Tutto ciò pone una grande questione etica e giuridica: i diritti acquisiti, in materia previdenziale, sono intoccabili? Sappiamo che un sistema giuridico serio deve garantire coerenza ed universalità nella applicazione dei suoi principi. Se qualunque ministro avesse il potere di mettere in discussione le regole decennali che hanno motivato le scelte professionali e previdenziali di milioni di persone. si rischierebbe il caos. 

E tuttavia è con sano realismo che ACTA si permette di chiedere a questo come ai precedenti Governi, perché a noi sì ed a loro no? 

Perché improvvisamente si è scoperto che l'INPS aveva bisogno di 3 o 4 miliardi delle partite IVA, portando l'aliquota su quote assurde (28% verso il 33% !!!) e non invece dei 7 miliardi delle pensioni d'oro? 

L'equità non dovrebbe essere misurata anche su scala generazionale e diacronica? 

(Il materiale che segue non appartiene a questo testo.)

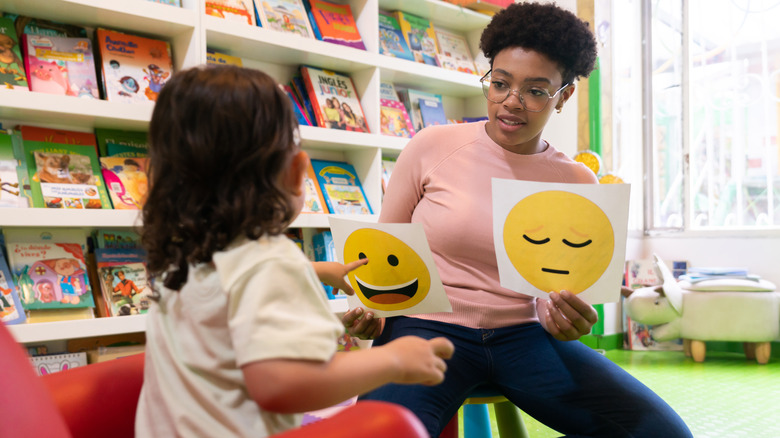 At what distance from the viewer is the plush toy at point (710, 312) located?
3.42 metres

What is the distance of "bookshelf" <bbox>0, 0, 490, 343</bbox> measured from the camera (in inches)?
76.9

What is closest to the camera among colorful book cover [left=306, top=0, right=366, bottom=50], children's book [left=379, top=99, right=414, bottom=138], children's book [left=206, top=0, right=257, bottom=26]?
children's book [left=206, top=0, right=257, bottom=26]

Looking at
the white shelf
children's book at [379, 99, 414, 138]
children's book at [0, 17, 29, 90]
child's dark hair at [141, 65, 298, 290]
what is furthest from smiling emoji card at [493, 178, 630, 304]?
children's book at [379, 99, 414, 138]

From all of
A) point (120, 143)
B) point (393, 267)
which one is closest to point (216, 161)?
point (393, 267)

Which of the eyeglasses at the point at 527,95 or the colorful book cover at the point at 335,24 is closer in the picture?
the eyeglasses at the point at 527,95

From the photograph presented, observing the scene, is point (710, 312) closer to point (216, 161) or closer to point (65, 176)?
point (65, 176)

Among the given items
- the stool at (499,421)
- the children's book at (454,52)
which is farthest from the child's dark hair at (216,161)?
the children's book at (454,52)

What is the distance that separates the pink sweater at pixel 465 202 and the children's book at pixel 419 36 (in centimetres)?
153

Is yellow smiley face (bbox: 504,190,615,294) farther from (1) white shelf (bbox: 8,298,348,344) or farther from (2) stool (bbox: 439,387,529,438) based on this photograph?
(1) white shelf (bbox: 8,298,348,344)

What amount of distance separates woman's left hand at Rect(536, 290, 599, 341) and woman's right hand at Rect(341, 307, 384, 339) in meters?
0.35

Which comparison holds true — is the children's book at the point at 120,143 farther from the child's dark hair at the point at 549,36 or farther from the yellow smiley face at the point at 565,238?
the yellow smiley face at the point at 565,238

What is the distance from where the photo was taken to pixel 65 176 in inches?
82.0

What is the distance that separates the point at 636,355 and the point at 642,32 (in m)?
2.00

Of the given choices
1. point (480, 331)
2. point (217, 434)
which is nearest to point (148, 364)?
point (217, 434) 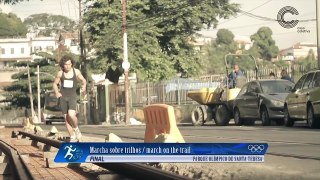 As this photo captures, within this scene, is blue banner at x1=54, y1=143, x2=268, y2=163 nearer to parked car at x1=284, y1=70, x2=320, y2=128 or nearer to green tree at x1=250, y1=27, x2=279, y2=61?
parked car at x1=284, y1=70, x2=320, y2=128

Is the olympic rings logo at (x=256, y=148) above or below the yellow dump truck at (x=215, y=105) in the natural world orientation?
above

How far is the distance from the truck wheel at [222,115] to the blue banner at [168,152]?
55.4 ft

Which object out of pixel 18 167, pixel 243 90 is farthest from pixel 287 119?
pixel 18 167

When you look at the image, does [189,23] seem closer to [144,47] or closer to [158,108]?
[144,47]

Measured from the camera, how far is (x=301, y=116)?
17891 mm

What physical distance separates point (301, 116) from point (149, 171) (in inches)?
462

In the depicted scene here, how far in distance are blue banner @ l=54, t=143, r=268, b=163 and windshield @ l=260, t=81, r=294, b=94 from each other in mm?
14291

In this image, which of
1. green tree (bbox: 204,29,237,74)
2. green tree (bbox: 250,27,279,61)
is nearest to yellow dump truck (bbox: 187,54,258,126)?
green tree (bbox: 250,27,279,61)

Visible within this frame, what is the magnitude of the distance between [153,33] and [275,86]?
24.7 m

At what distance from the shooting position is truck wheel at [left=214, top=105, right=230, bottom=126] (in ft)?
76.4

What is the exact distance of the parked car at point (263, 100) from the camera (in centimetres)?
1977

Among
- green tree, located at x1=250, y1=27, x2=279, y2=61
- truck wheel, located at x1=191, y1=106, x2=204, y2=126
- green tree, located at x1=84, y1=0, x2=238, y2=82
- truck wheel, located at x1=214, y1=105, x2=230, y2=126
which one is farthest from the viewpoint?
green tree, located at x1=250, y1=27, x2=279, y2=61

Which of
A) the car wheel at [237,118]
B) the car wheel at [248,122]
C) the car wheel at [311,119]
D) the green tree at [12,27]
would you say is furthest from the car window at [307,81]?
the green tree at [12,27]

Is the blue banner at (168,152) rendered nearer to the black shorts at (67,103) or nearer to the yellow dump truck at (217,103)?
the black shorts at (67,103) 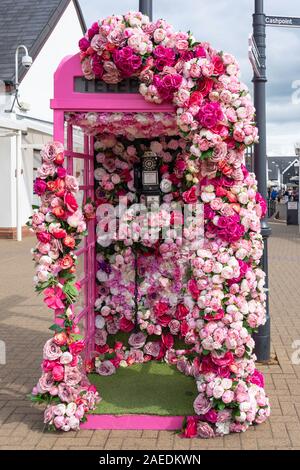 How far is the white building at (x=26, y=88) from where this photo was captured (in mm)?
17484

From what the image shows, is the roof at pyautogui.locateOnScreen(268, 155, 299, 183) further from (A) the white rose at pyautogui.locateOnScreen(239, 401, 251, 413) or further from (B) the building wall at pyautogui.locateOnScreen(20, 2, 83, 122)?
(A) the white rose at pyautogui.locateOnScreen(239, 401, 251, 413)

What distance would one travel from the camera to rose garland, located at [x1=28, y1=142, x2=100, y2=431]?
4078 millimetres

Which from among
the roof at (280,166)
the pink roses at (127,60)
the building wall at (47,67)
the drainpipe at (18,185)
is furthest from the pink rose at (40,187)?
the roof at (280,166)

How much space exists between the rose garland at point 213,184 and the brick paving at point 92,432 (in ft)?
0.61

Mi spiego meglio: quando ho aperto la partita IVA nel 1992 non esisteva la gestione separata. Io per anni non ho versato nulla, tant'è che avevo iniziato a versare contributi volontari ed auspicavo la nascita di una cassa previdenziale per le partite IVA. 

Poi dal 1996 nasce la Gestione Separata, con una modesta aliquota del 10%, che poi da lì in avanti è cresciuta al 28% con la promessa di portarla al 33%. Bene: dovrebbero spiegare quali sono i miei diritti acquisiti. Molte delle mie scelte professionali e previdenziali sono state influenzate dal quadro normativo esistente negli anni 1992-1995, che poi però è mutato, come sappiamo. 

Il rispetto dei diritti acquisiti non avrebbe forse dovuto tenere conto anche dei diritti da me acquisiti in quegli anni? La forza imperativa della Legge, non avrebbe dunque dovuto tenere conto del mio parere oltre che dei miei legittimi interessi? 

Invece no: come uno schiacciasassi le varie normative dal 95 ad oggi ci sono state imposte dall'alto dalla destra-sinistra della seconda repubblica. Quella stessa destra-sinistra che non ha mai avuto il coraggio di scoperchiare il pentolone delle pensioni d'oro (e delle baby pensioni) perché pieno zeppo di sindacalisti, dirigenti pubblici e dirigenti di aziende para-pubbliche. Quella casta che da decenni tiene bloccato il paese per mantenere i propri privilegi. 

Per questo motivo il tema dei diritti acquisiti ha le armi spuntate. La Rivoluzione francese, Napoleone e Lenin non avrebbero mai potuto produrre cambiamenti (comunque li si vogliano giudicare) se fossero stati vincolati al concetto di "diritti acquisiti". Tuttavia ogni cambiamento storico sociale si deve nutrire di consenso. Ed il consenso si struttura attorno ad una idea di equità e di solidarietà. E su di esso si costruisce un blocco sociale. 

Il punto per noi oggi è: vi è la possibilità di costruire un blocco sociale attorno al tema del patto tra categorie produttive e tra generazioni? Quale idea di equità e di solidarietà siamo noi in grado di esprimere?